We evaluate limits numeracally on a table shows how we gradually get closer and closer to a limit and value. This is done by making a table and at center placing the limit to get the limit from left we subtract 1/10 and to get limit from right you add 1/10. And to find the values we plug the function into our calculators and trace for value we are looking for. Next graphically is finding the limit bases on use of graphing calculator by typing in function, going to graph, hitting trace, and just tracing for the value we want. Or by being given a graph in which we simply evaluate the limit by placing our finger on a spot left and to the right of where you want to evaluate the limit. When it comes to algebraically we use three different forms: direct substitution, dividing out/factoring method, and rationalizing/conjugate method. Direct substitution involves plugging in the number x is approaching, and if it results in a numerical answer you are done, if it results in 0/# answer is zero and you are done, if we get #/0 then it's undefined meaning limit does not exist (here we must state a reason as to why doesn't exist), if we get 0/0 it's un determinate form meaning we have to use another method. Another method like the dividing out/factoring in which we factor both the numerator and denominator and cancel common terms to remove the zero in the denominator, then proceed by using direct substitution with the simplified expression. The other method is known as rationalizing/conjugate in which: if it's a fraction we multiply by the conjugate ( only the sign in the middle of both terms changes), depending where the radical is you take the conjugate of where it is, that either being in the numerator or denominator. Then we simplify by foiling, leaving the non-conjugated denominator or numerator factored. Next proceeding by canceling out like terms, leaving us with a simplified expression. Finally using direct substitution with the simplified expression. One huge thing to always do is to try direct substitution first, and if doesn't work out proceed with the other two methods.
Friday, April 18, 2014
BQ#4 – Unit T Concept 3
Why is a “normal” tangent graph uphill, but a “normal” cotangent graph downhill? Use unit circle ratios to explain.

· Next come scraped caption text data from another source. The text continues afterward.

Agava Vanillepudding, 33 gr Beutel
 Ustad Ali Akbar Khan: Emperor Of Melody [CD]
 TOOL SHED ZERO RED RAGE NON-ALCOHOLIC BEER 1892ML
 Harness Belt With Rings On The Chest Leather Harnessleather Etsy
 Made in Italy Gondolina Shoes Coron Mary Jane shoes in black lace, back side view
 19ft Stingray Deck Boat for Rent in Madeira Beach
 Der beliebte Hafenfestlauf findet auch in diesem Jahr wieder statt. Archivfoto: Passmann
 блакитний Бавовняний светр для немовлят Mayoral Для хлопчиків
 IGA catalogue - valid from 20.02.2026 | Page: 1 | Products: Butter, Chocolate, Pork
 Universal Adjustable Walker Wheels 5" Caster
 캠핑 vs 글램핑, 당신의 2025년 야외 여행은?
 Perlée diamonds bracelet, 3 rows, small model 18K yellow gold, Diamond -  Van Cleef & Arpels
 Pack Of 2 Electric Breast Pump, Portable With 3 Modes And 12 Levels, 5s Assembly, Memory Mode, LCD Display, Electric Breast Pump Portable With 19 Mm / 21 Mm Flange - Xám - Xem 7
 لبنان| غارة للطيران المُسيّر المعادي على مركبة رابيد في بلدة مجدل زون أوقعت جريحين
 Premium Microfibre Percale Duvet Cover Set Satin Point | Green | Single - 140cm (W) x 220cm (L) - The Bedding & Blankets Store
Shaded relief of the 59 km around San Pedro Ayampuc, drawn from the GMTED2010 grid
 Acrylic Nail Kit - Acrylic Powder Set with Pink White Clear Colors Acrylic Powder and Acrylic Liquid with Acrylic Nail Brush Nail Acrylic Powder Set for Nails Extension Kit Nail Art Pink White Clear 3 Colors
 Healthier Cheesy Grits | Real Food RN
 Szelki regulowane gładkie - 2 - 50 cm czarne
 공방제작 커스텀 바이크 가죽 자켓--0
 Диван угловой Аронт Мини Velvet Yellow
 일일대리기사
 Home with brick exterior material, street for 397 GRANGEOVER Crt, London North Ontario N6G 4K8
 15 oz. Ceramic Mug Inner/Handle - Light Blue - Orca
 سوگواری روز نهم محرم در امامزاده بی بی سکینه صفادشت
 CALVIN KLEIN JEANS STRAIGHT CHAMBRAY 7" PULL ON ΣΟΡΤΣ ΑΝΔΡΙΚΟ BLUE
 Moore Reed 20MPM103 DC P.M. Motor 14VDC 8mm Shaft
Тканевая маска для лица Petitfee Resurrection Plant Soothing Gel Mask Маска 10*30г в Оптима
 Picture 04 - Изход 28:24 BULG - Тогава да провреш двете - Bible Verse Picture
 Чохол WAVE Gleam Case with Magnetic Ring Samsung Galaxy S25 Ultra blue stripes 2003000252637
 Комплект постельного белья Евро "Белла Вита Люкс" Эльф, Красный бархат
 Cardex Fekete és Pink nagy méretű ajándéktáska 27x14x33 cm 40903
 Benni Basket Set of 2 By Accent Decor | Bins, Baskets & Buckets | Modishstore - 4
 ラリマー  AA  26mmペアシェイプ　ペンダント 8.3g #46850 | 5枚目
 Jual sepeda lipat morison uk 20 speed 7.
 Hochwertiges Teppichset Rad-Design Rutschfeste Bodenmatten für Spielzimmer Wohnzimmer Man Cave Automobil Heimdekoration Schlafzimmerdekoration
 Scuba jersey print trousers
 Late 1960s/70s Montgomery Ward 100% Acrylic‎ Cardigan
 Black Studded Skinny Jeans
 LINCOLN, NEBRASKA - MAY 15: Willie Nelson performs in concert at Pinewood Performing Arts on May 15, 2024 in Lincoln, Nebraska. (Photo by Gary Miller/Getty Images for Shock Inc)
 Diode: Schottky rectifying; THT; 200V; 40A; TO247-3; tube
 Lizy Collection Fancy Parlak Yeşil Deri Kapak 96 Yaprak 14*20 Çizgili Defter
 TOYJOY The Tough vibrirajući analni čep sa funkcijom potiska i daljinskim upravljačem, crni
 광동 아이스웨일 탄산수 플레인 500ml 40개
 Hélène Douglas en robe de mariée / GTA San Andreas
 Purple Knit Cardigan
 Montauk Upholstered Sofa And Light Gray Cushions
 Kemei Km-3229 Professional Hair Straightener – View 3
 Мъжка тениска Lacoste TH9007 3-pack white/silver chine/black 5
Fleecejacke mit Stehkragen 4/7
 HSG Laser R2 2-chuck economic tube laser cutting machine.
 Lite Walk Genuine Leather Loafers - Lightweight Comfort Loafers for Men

The normal tangent graph is up hill because its ratio consists of (sin/cos): y/x. That meaning that when x is equal to zero the ratio is made undefined. By referring back to the unit circle we can see that x equals zero at pi/2 and 3pi/2, meaning that that is were our asymptotes lye for tangent. Meaning that the graph has to be within those two boundaries. Another thing to keep in mind is that tangent consists of a pattern of positive, negative, positive, negative, depending on what quadrants the graph lys in tells u whether it is up sloping or down sloping. As seen in the image below normal tangent graph is uphill because of where it's boundaries were.
When taking a look at cotangent we first see what ratio it has which is the complete opposite to that of tangent: cos/ sin, x/y. with that we can now refer back to our unit circle and see where y/sin equals zero, because that is where our assymptotes will be. Sine is zero at zero and pi, as you can tell our boundaries are now different, making us fall into different quadrant. Because of that changing the complete look of the graph, making it into a down sloping graph. Although some part did remain the same which was the pattern of positive, negative, positive,negative.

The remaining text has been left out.